Instructions for the task: Take the records below from their first line through the line holding "Lili Gaufrette Girls", and set each of those lines down exactly, without pictures.

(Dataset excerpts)
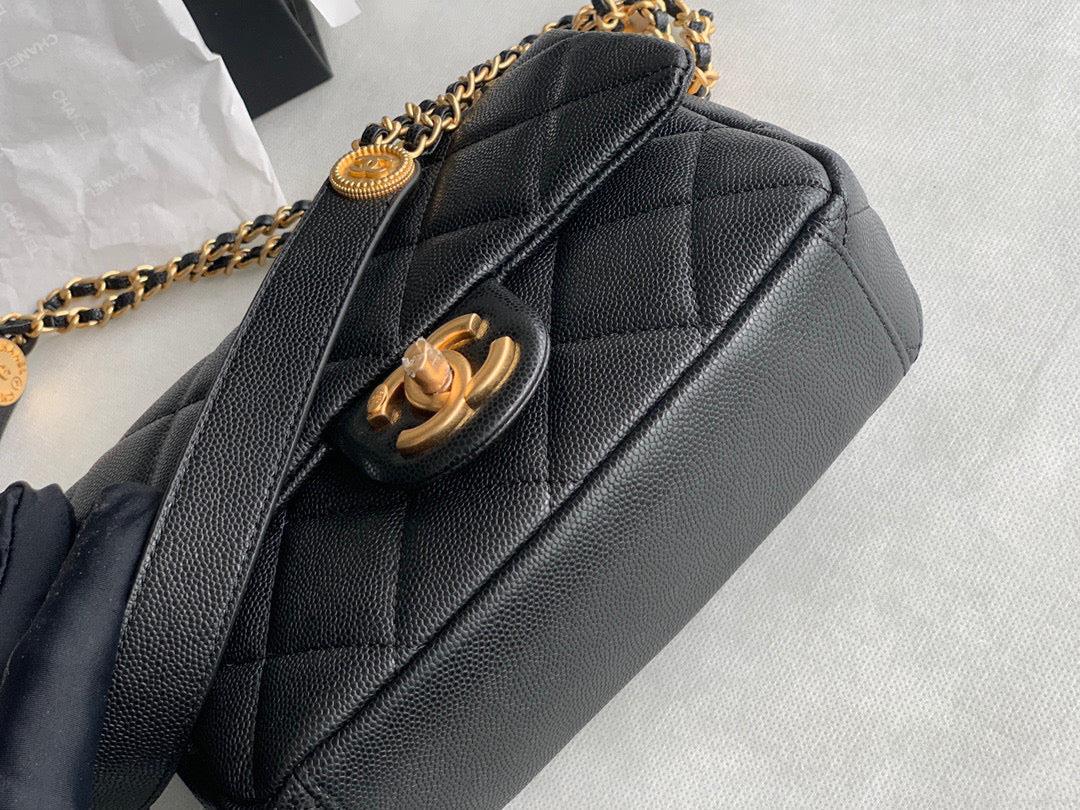 Chanel Small Flap Bag Shiny Calfskin Gold-Tone Metal AS3369 Black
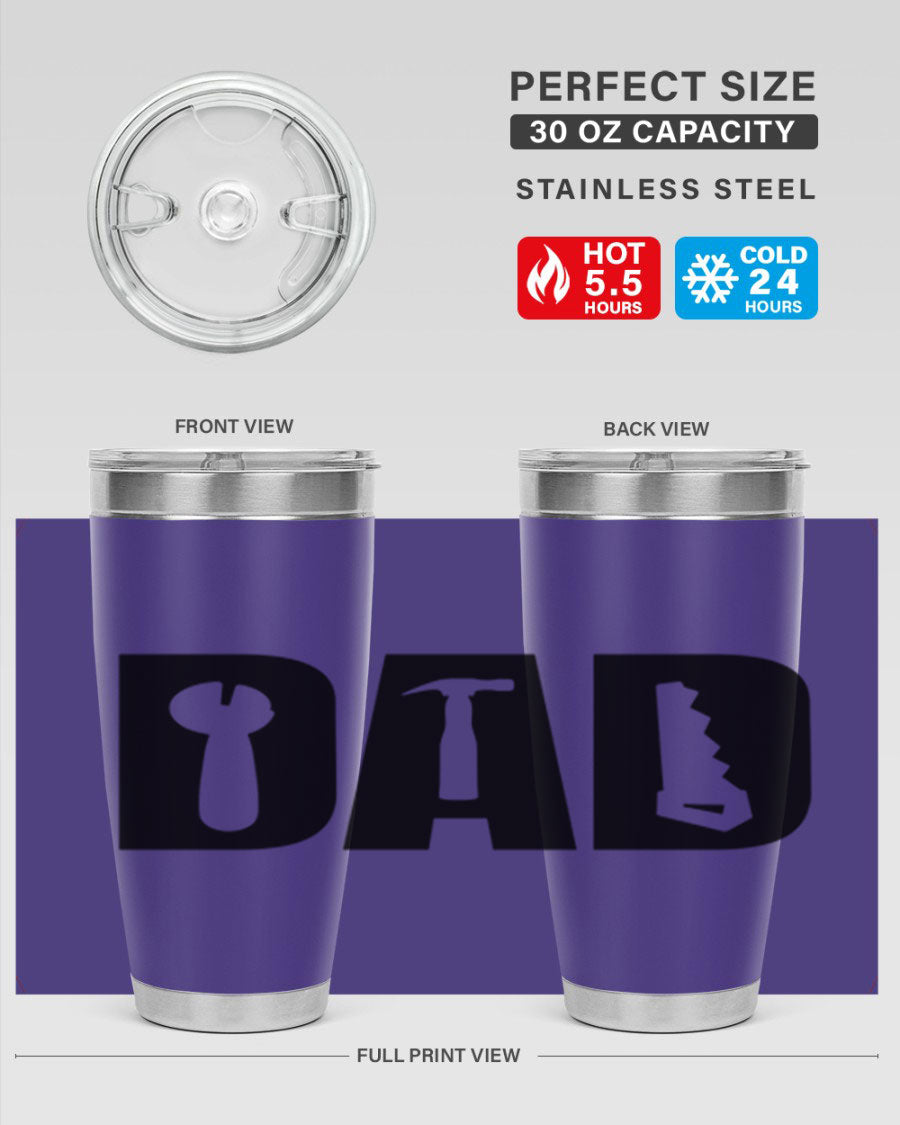 Dad Tools 59# Tumbler, a 20oz double wall vacuum stainless steel tumbler with a drink-thru lid, perfect for hot and cold beverages.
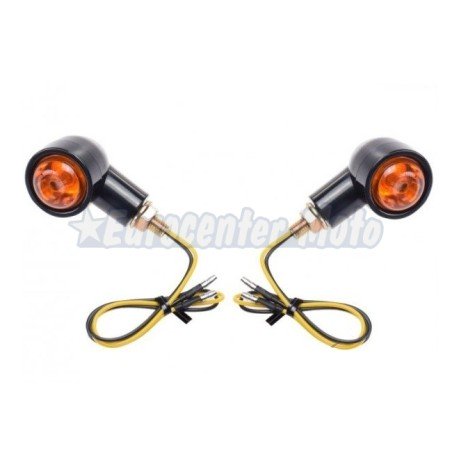 Juego intermitentes Leds tipo custom. Negros. Homologados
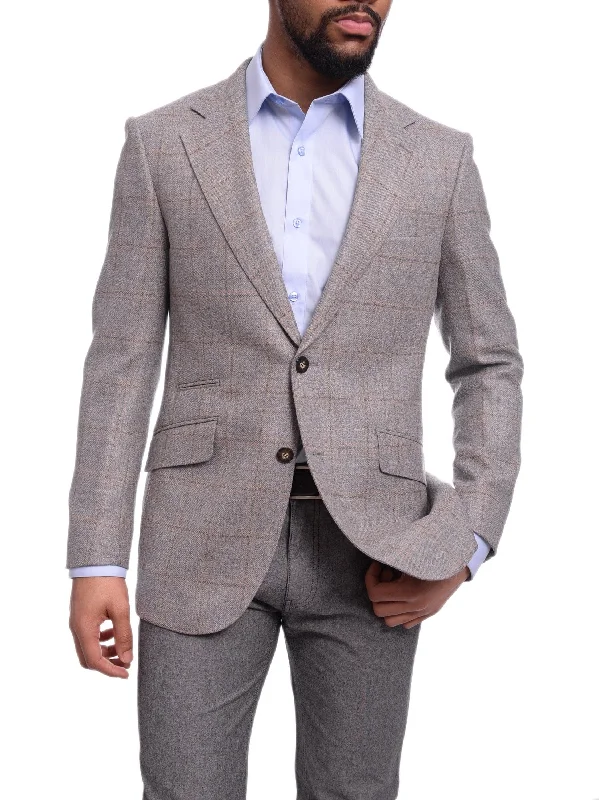 Men's Suits with Cotton-Blend FabricsNapoli Slim Fit Gray & Tan Windowpane Two Button Half Canvassed Wool Blazer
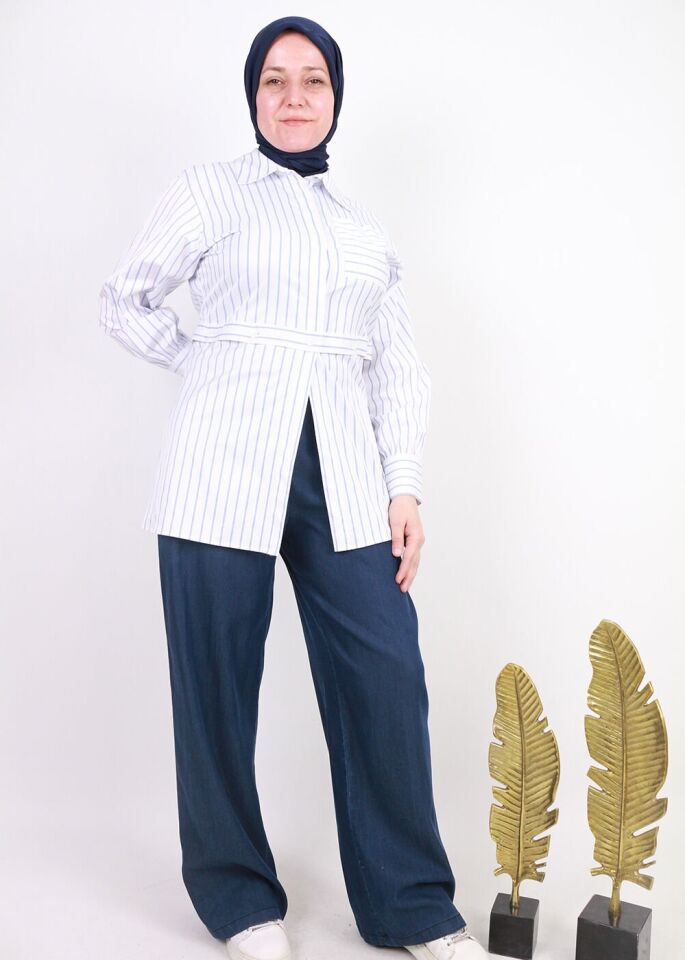 3803 BELİ LYARIM LASTİKLİ CEPLİ TANSEL KUMAŞ PANTOLON QYS PANTOLON 3803  #23-05# 42 - MAVİ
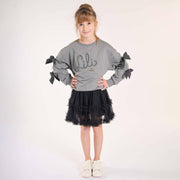 Lili Gaufrette Girls Silver Sconce Sweatshirt W Bows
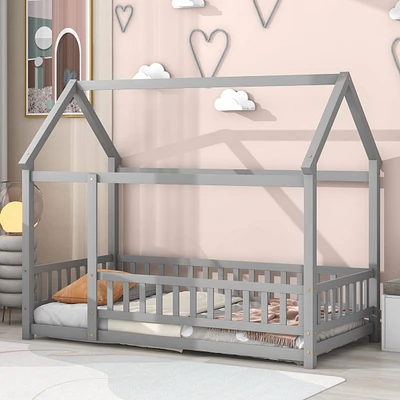 Twin Size Floor Wooden Bed with House Roof Frame, Fence Guardrails, Grey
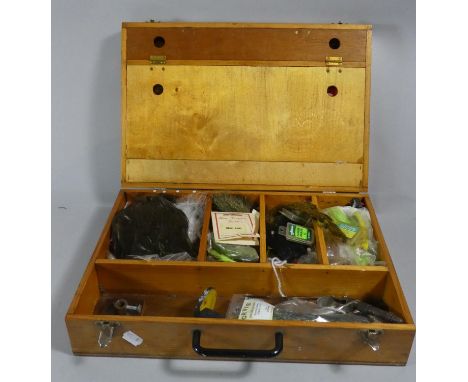 A Wooden Fly Tying Box with Fitted Interior Containing Various Feathers, Furs, Fly Tying Tools etc 40cm Wide 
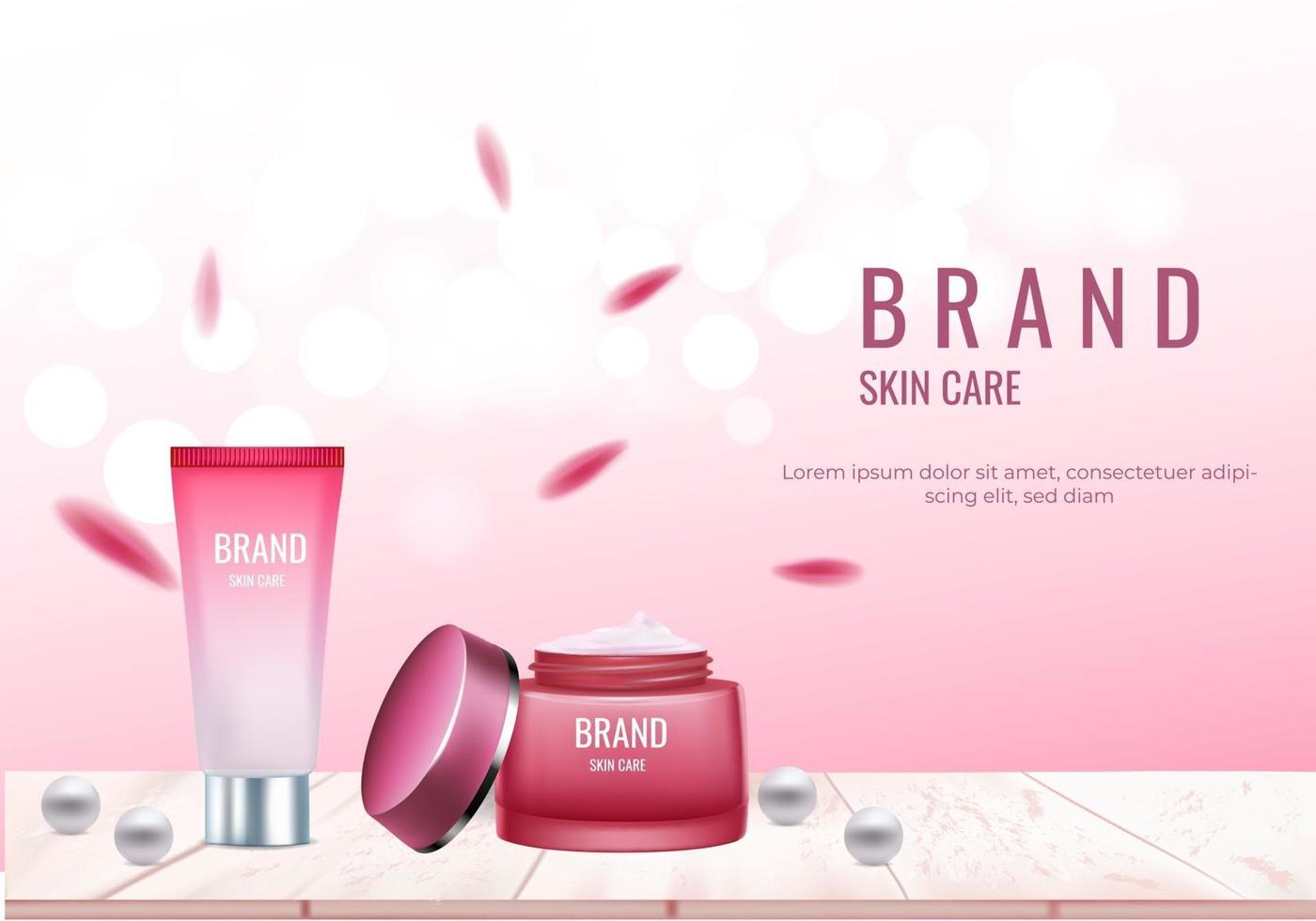 Cosmetic ad template for face cream vector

Written answer:
 Chanel Small Flap Bag Shiny Calfskin Gold-Tone Metal AS3369 Black
 Dad Tools 59# Tumbler, a 20oz double wall vacuum stainless steel tumbler with a drink-thru lid, perfect for hot and cold beverages.
 Juego intermitentes Leds tipo custom. Negros. Homologados
 Men's Suits with Cotton-Blend FabricsNapoli Slim Fit Gray & Tan Windowpane Two Button Half Canvassed Wool Blazer
 3803 BELİ LYARIM LASTİKLİ CEPLİ TANSEL KUMAŞ PANTOLON QYS PANTOLON 3803  #23-05# 42 - MAVİ
 Lili Gaufrette Girls Silver Sconce Sweatshirt W Bows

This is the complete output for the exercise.